In patients in whom the renal function is so severe that bisphosphonates cannot be used, I recommend the use of calcitonin and corticosteroids. This combination almost always works in patients with myeloma, rapidly reducing the calcium into the normal range. The problem is that calcitonin must be given by injection and the hypercalcemia tends to recur after a few days. Although this loss of effectiveness (called "escape") can be countered by withdrawing calcitonin for 48 hours and then recommencing it, this is not a convenient form of therapy for patients who are ambulant or at home.

An even more common situation is the patient with myeloma bone disease who does not have hypercalcemia. These patients until recently have been treated for their bone disease only with symptomatic therapy, namely analgesics for pain, orthopedic treatment for fractures, or local radiation therapy for localized bone pain such as occurs following vertebral body fracture or collapse. However, recent information suggests that these patients may benefit from the use of powerful inhibitors of bone resorption such as the bisphosphonates. These drugs inhibit bone resorption and markedly reduce the frequency of skeletal complications, such as fracture and hypercalcemia. They may also relieve bone pain, although this cannot be guaranteed since some patients will have significant pre-existing bone disease before bisphosphonates are started. It is probable that in the majority of patients bisphosphonates prevent the bone disease getting worse, but do not reverse the damage that has already occurred.
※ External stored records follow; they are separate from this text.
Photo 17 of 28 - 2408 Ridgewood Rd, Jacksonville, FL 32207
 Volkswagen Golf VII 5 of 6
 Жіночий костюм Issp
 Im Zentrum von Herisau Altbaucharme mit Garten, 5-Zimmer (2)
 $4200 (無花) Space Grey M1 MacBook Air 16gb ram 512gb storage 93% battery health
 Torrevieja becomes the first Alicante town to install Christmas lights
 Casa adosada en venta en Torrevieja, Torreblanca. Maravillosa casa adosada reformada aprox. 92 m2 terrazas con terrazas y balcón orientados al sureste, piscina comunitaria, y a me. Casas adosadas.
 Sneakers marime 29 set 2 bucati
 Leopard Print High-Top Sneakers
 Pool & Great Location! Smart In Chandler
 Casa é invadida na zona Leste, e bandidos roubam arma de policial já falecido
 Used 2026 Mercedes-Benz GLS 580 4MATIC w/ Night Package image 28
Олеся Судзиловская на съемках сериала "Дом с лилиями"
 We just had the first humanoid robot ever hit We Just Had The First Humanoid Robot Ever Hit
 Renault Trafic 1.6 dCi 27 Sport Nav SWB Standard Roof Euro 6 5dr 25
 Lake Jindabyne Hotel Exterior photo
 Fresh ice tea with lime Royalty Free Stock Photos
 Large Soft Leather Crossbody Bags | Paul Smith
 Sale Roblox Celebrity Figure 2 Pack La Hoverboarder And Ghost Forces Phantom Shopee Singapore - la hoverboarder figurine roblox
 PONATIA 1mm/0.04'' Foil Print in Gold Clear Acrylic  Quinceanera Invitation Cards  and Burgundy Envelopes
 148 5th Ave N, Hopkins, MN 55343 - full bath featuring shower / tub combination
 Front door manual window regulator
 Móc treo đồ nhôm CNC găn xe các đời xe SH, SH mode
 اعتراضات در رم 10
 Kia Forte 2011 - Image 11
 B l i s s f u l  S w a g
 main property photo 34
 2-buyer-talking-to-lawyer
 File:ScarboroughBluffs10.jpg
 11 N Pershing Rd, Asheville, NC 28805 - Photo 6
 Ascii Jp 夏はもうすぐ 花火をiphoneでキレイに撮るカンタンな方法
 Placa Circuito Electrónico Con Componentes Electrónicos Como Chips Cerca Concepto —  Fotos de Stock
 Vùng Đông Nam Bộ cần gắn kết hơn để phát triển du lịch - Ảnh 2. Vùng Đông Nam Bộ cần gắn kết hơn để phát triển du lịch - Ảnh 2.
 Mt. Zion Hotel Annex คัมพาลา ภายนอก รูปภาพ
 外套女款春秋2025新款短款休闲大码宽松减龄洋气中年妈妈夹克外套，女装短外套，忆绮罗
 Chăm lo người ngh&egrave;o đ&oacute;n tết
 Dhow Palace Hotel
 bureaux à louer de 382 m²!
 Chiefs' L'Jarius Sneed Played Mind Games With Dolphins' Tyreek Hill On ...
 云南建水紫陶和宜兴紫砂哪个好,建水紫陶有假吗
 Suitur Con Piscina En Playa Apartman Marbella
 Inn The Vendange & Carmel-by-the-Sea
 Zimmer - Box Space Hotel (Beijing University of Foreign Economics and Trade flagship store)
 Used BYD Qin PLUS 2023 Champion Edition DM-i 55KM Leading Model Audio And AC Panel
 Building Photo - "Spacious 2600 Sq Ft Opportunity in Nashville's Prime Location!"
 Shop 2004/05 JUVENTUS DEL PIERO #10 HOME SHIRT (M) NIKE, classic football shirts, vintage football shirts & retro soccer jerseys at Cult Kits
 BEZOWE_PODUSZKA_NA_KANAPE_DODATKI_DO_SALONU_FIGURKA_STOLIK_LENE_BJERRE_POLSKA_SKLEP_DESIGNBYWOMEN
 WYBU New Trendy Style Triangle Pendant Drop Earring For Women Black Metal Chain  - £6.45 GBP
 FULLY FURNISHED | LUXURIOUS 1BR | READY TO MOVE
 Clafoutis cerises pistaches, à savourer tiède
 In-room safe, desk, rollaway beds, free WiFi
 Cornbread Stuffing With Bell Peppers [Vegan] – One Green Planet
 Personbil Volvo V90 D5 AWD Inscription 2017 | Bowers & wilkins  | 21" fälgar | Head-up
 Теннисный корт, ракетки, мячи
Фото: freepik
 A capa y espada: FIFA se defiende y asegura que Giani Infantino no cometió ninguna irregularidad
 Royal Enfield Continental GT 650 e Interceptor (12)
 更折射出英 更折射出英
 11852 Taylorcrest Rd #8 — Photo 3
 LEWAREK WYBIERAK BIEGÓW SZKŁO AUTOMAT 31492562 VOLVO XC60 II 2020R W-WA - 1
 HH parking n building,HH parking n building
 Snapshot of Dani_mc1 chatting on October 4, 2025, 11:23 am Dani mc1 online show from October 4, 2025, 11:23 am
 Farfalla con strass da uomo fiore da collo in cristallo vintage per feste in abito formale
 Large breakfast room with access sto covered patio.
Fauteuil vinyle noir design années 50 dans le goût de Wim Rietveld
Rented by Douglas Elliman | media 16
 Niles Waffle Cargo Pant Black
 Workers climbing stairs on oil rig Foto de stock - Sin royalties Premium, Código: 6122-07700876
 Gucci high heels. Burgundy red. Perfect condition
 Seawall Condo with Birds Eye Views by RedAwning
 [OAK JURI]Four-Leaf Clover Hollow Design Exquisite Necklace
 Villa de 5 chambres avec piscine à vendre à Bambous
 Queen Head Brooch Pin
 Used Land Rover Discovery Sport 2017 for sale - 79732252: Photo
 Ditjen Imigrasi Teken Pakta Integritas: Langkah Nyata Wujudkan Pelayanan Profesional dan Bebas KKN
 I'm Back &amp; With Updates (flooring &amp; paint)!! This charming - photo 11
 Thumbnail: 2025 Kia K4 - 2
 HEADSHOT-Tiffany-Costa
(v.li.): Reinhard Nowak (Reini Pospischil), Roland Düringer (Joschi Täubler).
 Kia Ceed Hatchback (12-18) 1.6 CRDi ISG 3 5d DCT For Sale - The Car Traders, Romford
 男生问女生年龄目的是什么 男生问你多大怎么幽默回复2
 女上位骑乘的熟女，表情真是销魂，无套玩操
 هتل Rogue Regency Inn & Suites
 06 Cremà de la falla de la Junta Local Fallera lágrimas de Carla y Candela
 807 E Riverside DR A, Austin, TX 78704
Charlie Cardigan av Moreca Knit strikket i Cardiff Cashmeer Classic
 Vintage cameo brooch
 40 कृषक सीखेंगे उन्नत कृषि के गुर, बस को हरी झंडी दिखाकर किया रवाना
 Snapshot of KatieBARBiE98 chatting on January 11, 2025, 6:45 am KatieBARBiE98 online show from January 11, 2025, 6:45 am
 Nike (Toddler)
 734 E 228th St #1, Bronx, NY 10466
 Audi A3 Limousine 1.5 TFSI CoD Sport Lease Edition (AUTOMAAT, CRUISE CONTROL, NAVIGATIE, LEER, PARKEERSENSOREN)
The quality of life is certainly better in patients who are treated with bisphosphonates. One interesting question which has not been settled as yet is whether bisphosphonates alter tumor burden and prolong survival. In some patients with solid tumors treated with bisphosphonates, it appears likely that bisphosphonates, by reducing rates of bone resorption, may produce a much less favorable environment for some tumors such as breast cancer to metastasize and to grow, and the bisphosphonates actually decrease total tumor burden in the body by reducing the tumor bulk in bone. Whether or not this is so in myeloma still remains to be determined. However, this issue notwithstanding, it is clear that there is a marked reduction in the frequency of skeletal complications in bisphosphonate-treated patients, and on these grounds I recommend a new generation bisphosphonate such as pamidronate (Aredia) in the therapy of myeloma with or without hypercalcemia. Bisphosphonates have not been approved by the FDA for this purpose as yet. However, there are investigative studies currently underway both in the U.S. and in Europe which point to their efficacy in normal patients.

The earlier bisphosphonate etidronate (Didronel), which is still on the market in the US, is not as effective as pamidronate. A reasonable approach for the patient with osteolytic bone lesions is to administer Aredia in doses of 30-60 mg intravenously by infusion every 4 weeks. Many questions however do remain such as how long should this be continued, whether all patients should receive Aredia or just those with severe bone lesions, and the most important of all, does Aredia not only prevent skeletal complications and prolong useful life, but does it also decrease total tumor burden? Answers to these questions will hopefully be available in the next few years.